For the past two weeks we haven’t been able to go to a news web site, turn on the TV or open the paper without seeing something about swine flu. The County has had daily briefings on the situation in San Diego. Several high schools and elementary schools have closed and now reopened. And at SDSU we have been sending regular updates to the campus community about our situation here. Is it overkill?

SDSU created a web site to address the H1N1 situation on campus

SDSU created a web site to address the H1N1 situation on campus

Yes and no. It’s sort of a chicken and egg situation as I see it. As much as we’d all love for the news cycle to move on to something else, it hasn’t. And I believe our response, and that of the county, other regional schools and agencies, and even the global health community, has been incredibly appropriate and timely, given the uncertainties of the virus and the fear and near panic that it has caused all over the world.

Messages from organizations like ours have been calming, consistent and accurate accounts of what has been going on. They have been a way to squelch rumors and educate people about the reality of the situation. We have worked closely with the county to ensure the information we are providing is consistent with the information they are providing.
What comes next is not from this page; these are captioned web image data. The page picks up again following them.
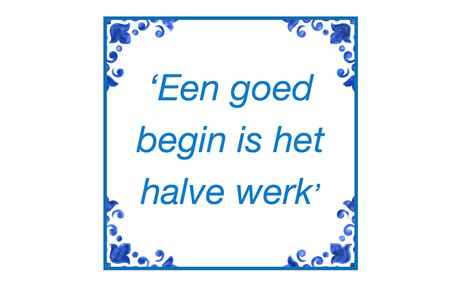 Een Goed Begin Is Het Halve Werk Joandenexter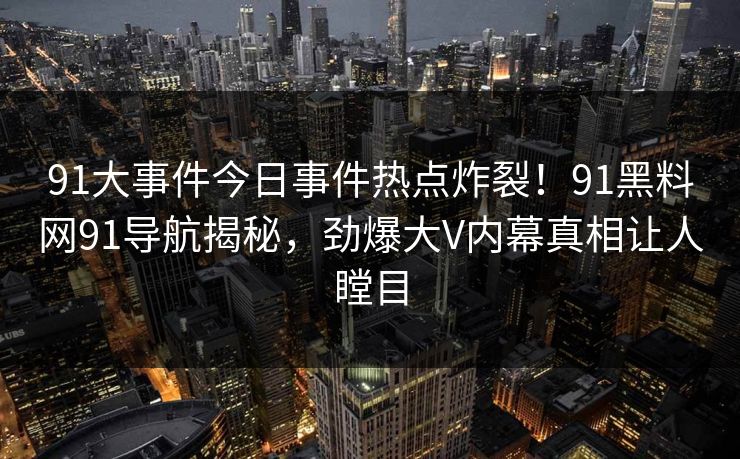 91大事件今日事件热点炸裂！91黑料网91导航揭秘，劲爆大V内幕真相让人瞠目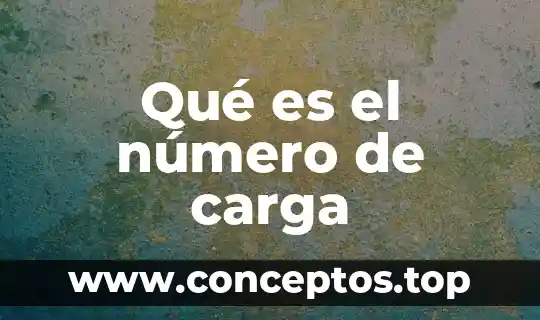 Qué es el número de carga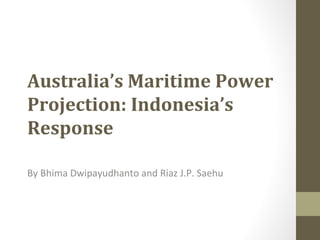 Australia’s Maritime Power
Projection: Indonesia’s
Response
By Bhima Dwipayudhanto and Riaz J.P. Saehu
 
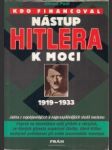 Kdo financoval nástup Hitlera k moci 1919-1933 - náhled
Some have asked why is such a big deal being made out of a virus that has taken the lives of a relatively small number of people, compared with the average flu. I’m not a scientist —  although we are having a panel discussion tomorrow that will hopefully answer some of those questions — but the fact of the matter is, people were scared. If we hadn’t taken a very serious approach to this, hadn’t been proactive about informing and educating SDSU’s students, faculty and staff about the situation, people would be asking why we took it so lightly.

In my view, when there is an international crisis – even one that turns out to be not as bad as everyone thought – it is the job of institutions like ours to keep people informed and educated. Some people asked us to stop sending them our updates. But many others thanked us for the regular information. I believe we helped calm fears and became a resource for information about H1N1, and pandemics in general.
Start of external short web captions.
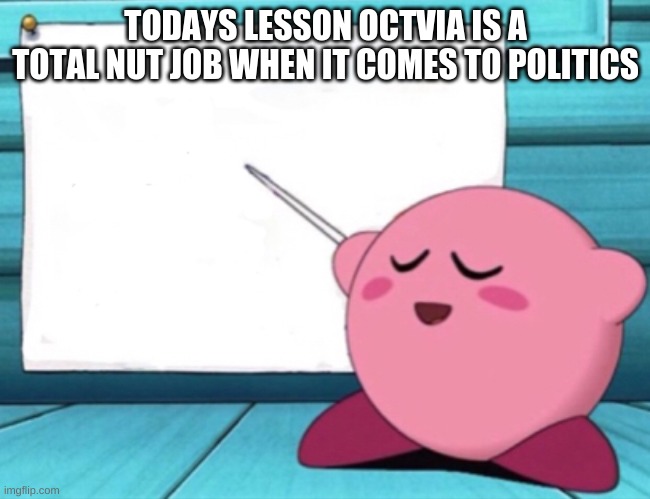 Kirby's lesson | TODAYS LESSON OCTVIA IS A TOTAL NUT JOB WHEN IT COMES TO POLITICS | image tagged in kirby's lesson | made w/ Imgflip meme maker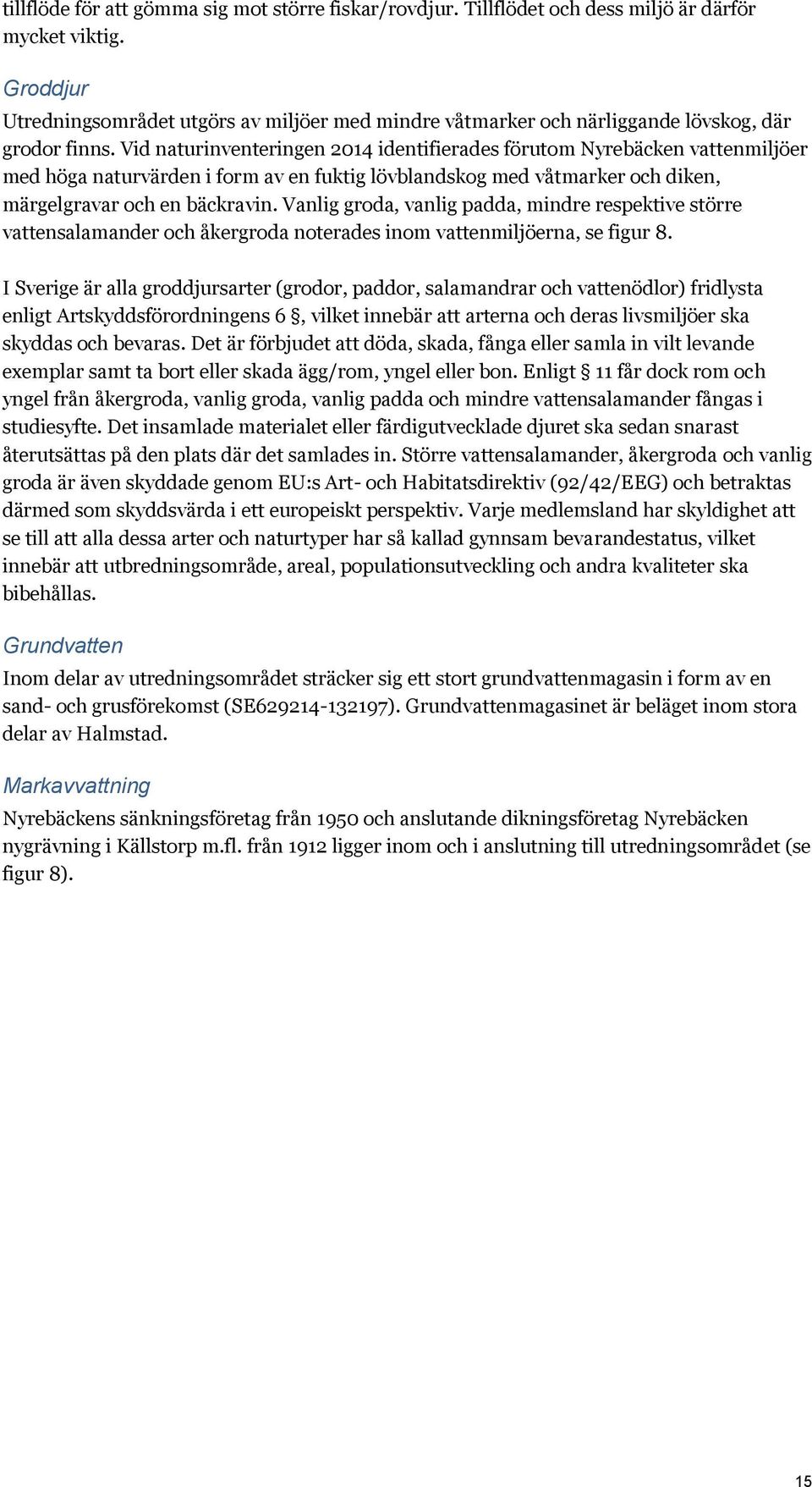 Vid naturinventeringen 2014 identifierades förutom Nyrebäcken vattenmiljöer med höga naturvärden i form av en fuktig lövblandskog med våtmarker och diken, märgelgravar och en bäckravin.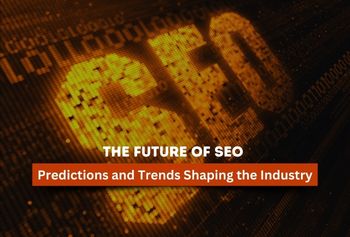 The Future Of SEO: Predictions And Trends Shaping The Industry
I was asked by a reporter the other day if I thought shutting down schools, like our Children’s Center, is an overreaction. I told her I hope when we look back at this in a month or so, we can say yes, it was an overreaction. But in situations like this, I would much rather be acting on the side of caution, and hope it isn’t a full blown crisis, than to be passive and later have to put out a fire with a garden hose.

In the immortal words of King Stahlman (Bailbonds) – “Better to know me and never need me, than to need me and never know me.”

1 Comment

Filed under College Community, New Media, University News

One response to “Much ado about nothing?

  1. Wendy

    In defense of panicking: I’m a parent. My job is to panic. Out of everything I’ve read today, nothing in the media has scared me more than a conversation at Starbucks with Dr. Pozos (who’s been a doctor longer than I’ve been alive.) He said the strain is mutating and the health risks are very, very real. He said report, educate and stay on top of it because we have not seen the end of the swine flu. I’d much rather have an overreactive press, media team, university and government than a complacent or restrained one. I’d much rather my biggest concern be finding alternative childcare than seeing my kid plugged into a machine in a hospital. Keep reacting. I’m a journalist. Panicking is what I do best.